Well, that is, if your experience with South America is Argentina alone. The streets of Santiago are clean, with a trash can on every corner. The transit is easy to use and efficient, even for a gringo. Cars stop for pedestrians, and most intersections have cross walks and signals for pedestrians. The streets make reasonable sense. I will at least concede that it's a little hot in the subway tunnels.

I arrived on a Thursday morning and headed over to meet Mike and Terry at our lodging place. We lodged with a Filipino family that Mike Corrigan and Terry linked up with through a mutual friend. The house was located at a beautiful high rise in a lovely neighborhood of Santiago near the Tobalaba metro station.

We got a bite to eat, and then began our self-guided walking tour of Santiago. We walked up Cerro San Cristobal and took in the view of Catholic things (statue, church, Virgin) and the city. We met an LDS missionary who was touring the premises with his parents. They kindly offered to let us use their taxi to get back down the hill, because we we running late for an appointment. We gladly paid the taxi driver for his service.

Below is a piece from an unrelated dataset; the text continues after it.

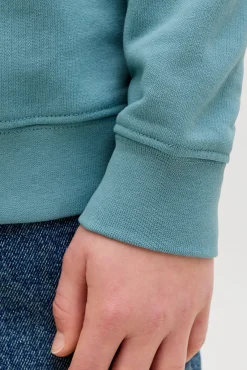 Sweatshirt com logo quadrado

We then went to dinner with an old friend if mine, Emily Johnson. We got pizza and got to meet her boss Paul, a devoted Christian and lover of plants. I think this was a useful dinner for Terry, who himself keeps a garden.

After that, we decided to take a stroll to the Santiago Chile LDS temple. It was a pleasant evening for a walk. And we were rewarded by being with our Mormon friends in Santiago for a few minutes.

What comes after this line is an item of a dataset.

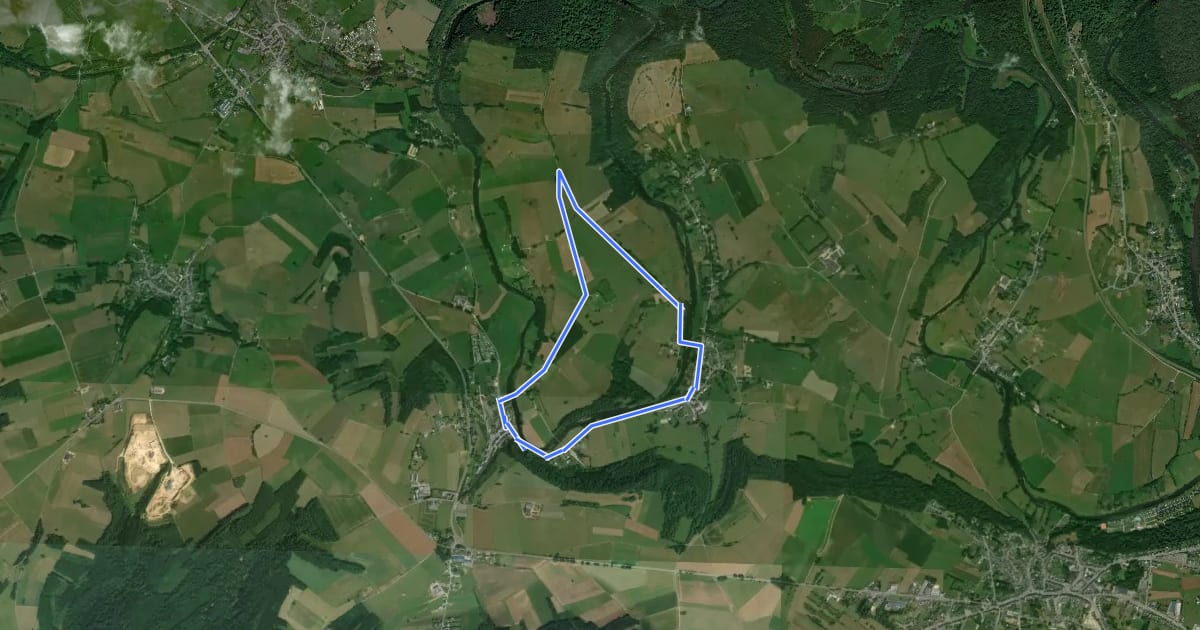 Маршрут Le Tour de Daviha на спутниковом снимке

We took care of some travel business before heading home, where we were as exhausted as ever. Uncle Lito and Auntie Fe (our hosts), then showed us some slides of many of their travels. They graciously shared with us some pizza and soda as well.

On Friday, after a nice sleep and a relaxed morning, we packed our bags and headed to the bus terminal in Santiago to find tickets to Mendoza. We ended up riding in a 13 passenger van, which actually turned out quite fun (though less comfortable) because we got to know several of the passengers. Also, the driver was pushy at the boarder and drove like a lunatic, so we made the trip faster than those in buses.

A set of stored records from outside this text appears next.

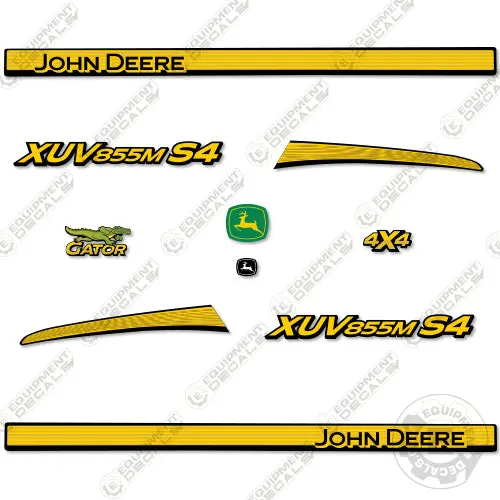 Fits John Deere Gator Xuv 855M S4 Decal Kit Utility Vehicle 2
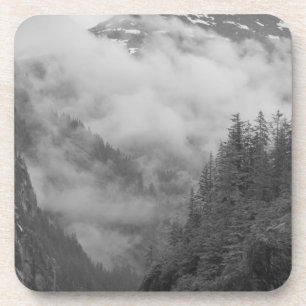 Dessous-de-verre É.-U., Alaska, Juneau, la forêt tropicale couvre l
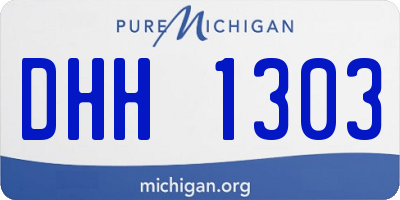 MI license plate DHH1303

The road to Argentina was more amazing than you can imagine. The number of switchbacks climbing the pass is impressive. One sees white water rushing down the hillside, and a steep drop off when one looks back from whence they came. I do not have many pictures of this road because we were moving quickly and the sun was setting, but you can certainly find pictures online.

And we made it to Mendoza safely, where we walked to Mi Pueblo Hostel for the night.